[SUPPLIED MATERIAL]
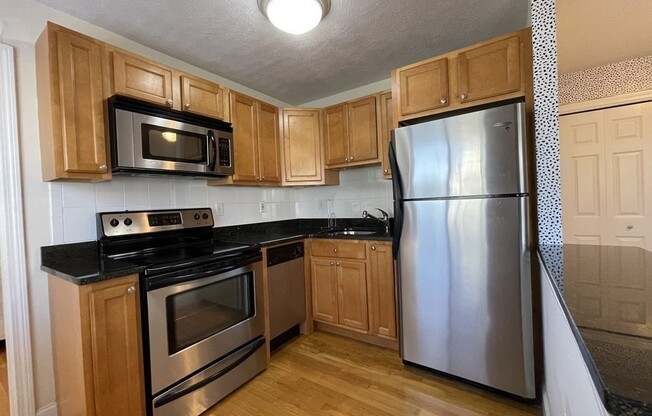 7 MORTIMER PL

==

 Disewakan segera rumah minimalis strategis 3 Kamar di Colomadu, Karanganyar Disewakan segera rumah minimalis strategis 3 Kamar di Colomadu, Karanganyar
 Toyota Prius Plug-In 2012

[ASSIGNMENT] What is needed is a verbatim copy of every line in the records above from the one containing "Colomadu, Karanganyar Disewakan" down to the one containing "Toyota Prius Plug-In 2012", both included, and nothing more.

[EXERCISE SOLUTION]
 Disewakan segera rumah minimalis strategis 3 Kamar di Colomadu, Karanganyar Disewakan segera rumah minimalis strategis 3 Kamar di Colomadu, Karanganyar
 Toyota Prius Plug-In 2012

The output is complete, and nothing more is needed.